ISLAMABAD: Defense Minister Khawaja Asif on Saturday announced “more legal action” will be taken against former spy chief Faiz Hameed, days after he was sentenced to 14 years in prison by a military court. 

Pakistan military’s media wing announced this week that Hameed, who was the director-general of the Inter-Services Intelligence (ISI) from 2019 to 2021, has been sentenced to 14 years after being found guilty of misusing authority and government resources, violating the Official Secrets Act and causing “wrongful loss to persons.”

The former spy chief was widely seen as close to ex-prime minister Imran Khan. Hameed, who retired from the army in December 2022, is accused by the ruling Pakistan Muslim League-Nawaz (PML-N) party of Prime Minister Shehbaz Sharif of bringing down the government of his elder brother, Nawaz Sharif, in 2017. 

The PML-N alleges Hameed worked with then opposition leader Khan to plot Nawaz’s ouster through a series of court cases, culminating in the Supreme Court disqualifying of him from office in 2017 for failing to disclose income and ordering a criminal investigation into his family over corruption allegations. Khan’s party and Hameed have both denied the allegations. 

“A senior officer and former head of the ISI has been convicted in a trial that lasted for a long period of 15 months,” Asif told reporters in Sialkot. 

“There are more problems, charges on which legal action will be taken and that won’t take long.”

Asif repeated the PML-N’s allegations, accusing Hameed of having Nawaz disqualified through the court cases. He accused the former spy chief of propelling Khan to the office of the prime minister, blaming him for having leaders and supporters of the PML-N arrested during Khan’s premiership. 

Pakistan military said this week that Faiz’s alleged role in “fomenting vested political agitation and instability in cahoots with political elements” was being handled separately.

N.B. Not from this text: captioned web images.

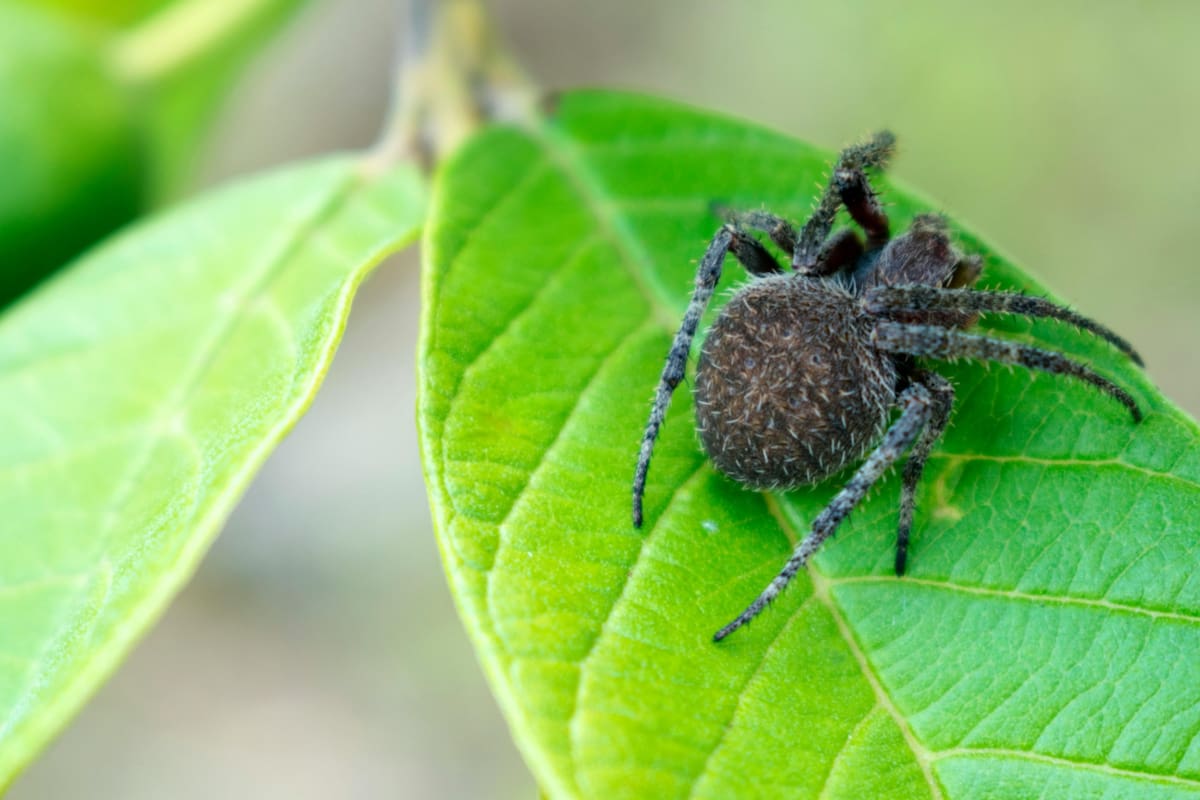 Algunas picaduras de arañas pueden llegar a ser letales (Foto ilustrativa)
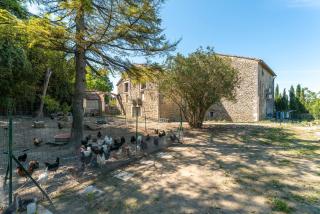 Campagne - Avignon - 9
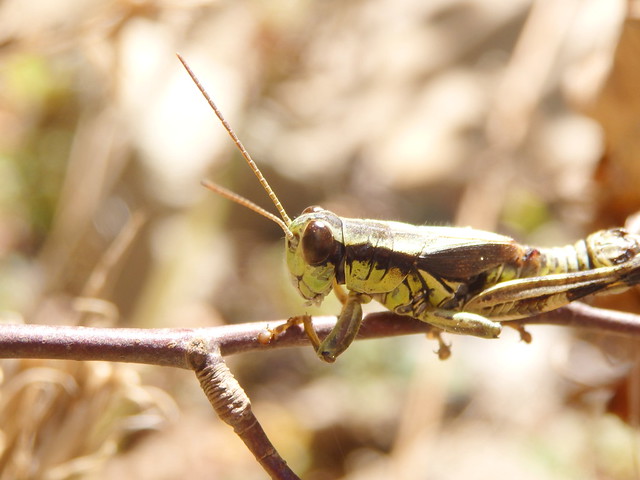 grasshopper linville gorge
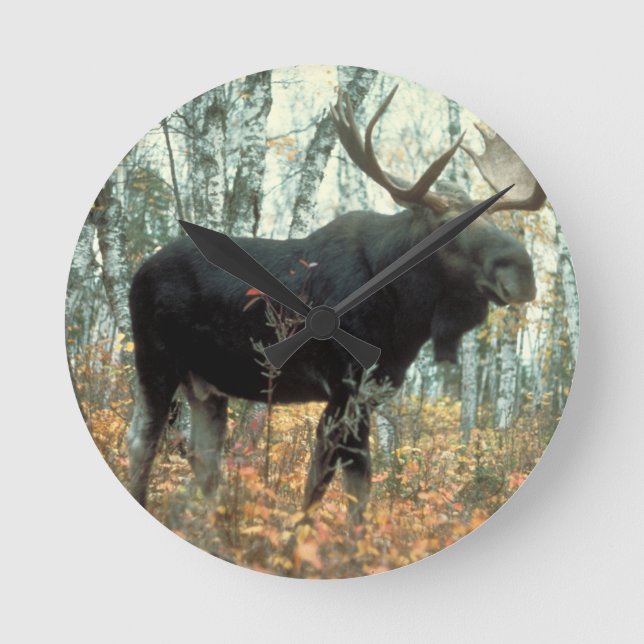 Moose Forest Trees Park Animal Wildlife Art Round Clock (Front)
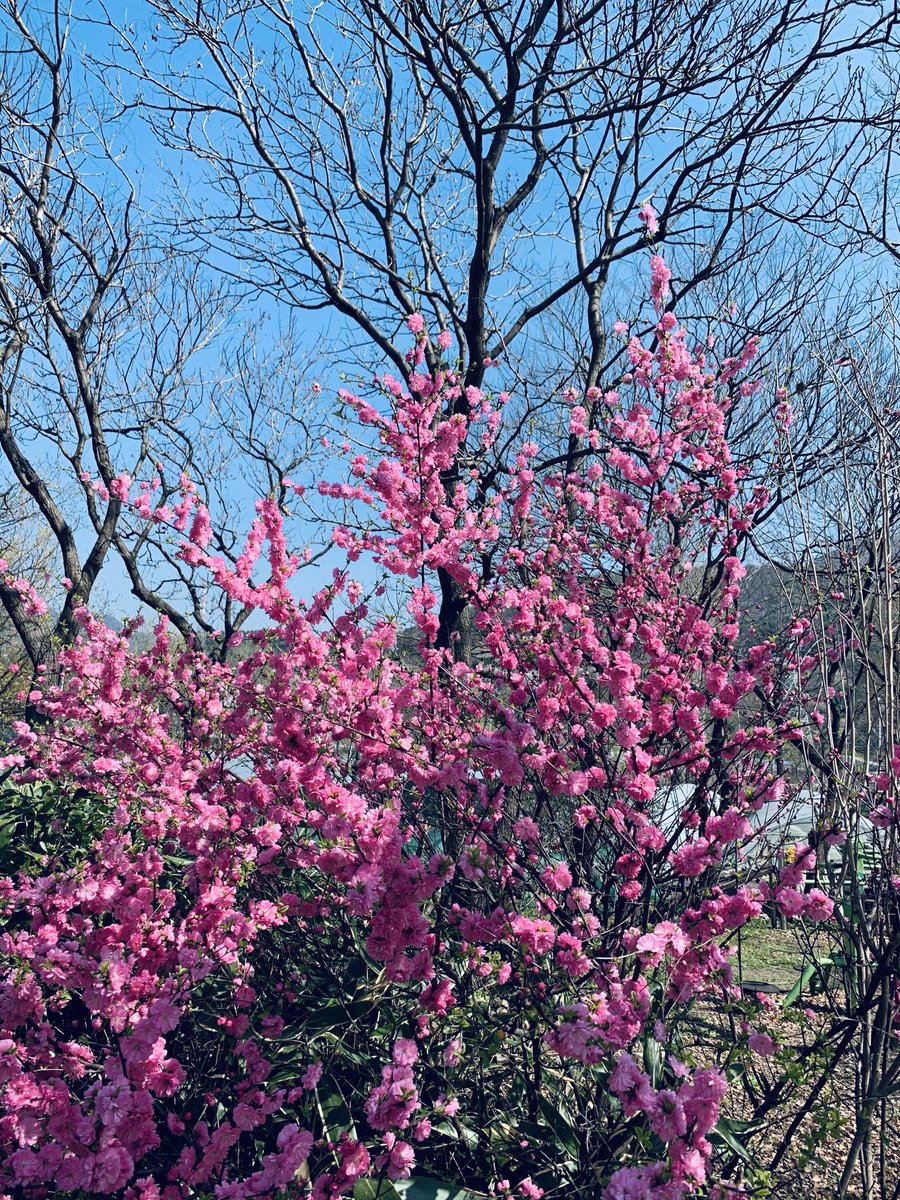 김희숙 tweet media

Many interpreted this as the military alluding to the May 9, 2023, nationwide unrest, when angry Khan supporters took to the streets and attacked military and government installations after he was briefly detained on corruption charges. 

Asif said Faiz’s “brain and planning” was behind the May 2023 unrest. 

“These two personalities can not be separated,” the defense minister said, referencing Khan and Hameed. 

Senior military officers are rarely investigated or convicted in Pakistan, where the security establishment plays an outsized role in politics and national governance. 

Hameed’s sentencing comes just days after Field Marshal Syed Asim Munir was appointed as Pakistan’s first chief of defense forces, marking a major restructuring of the military command.

Former prime minister Khan’s PTI party has distanced itself from Hameed’s conviction, referring to it as an “internal matter of the military institution.”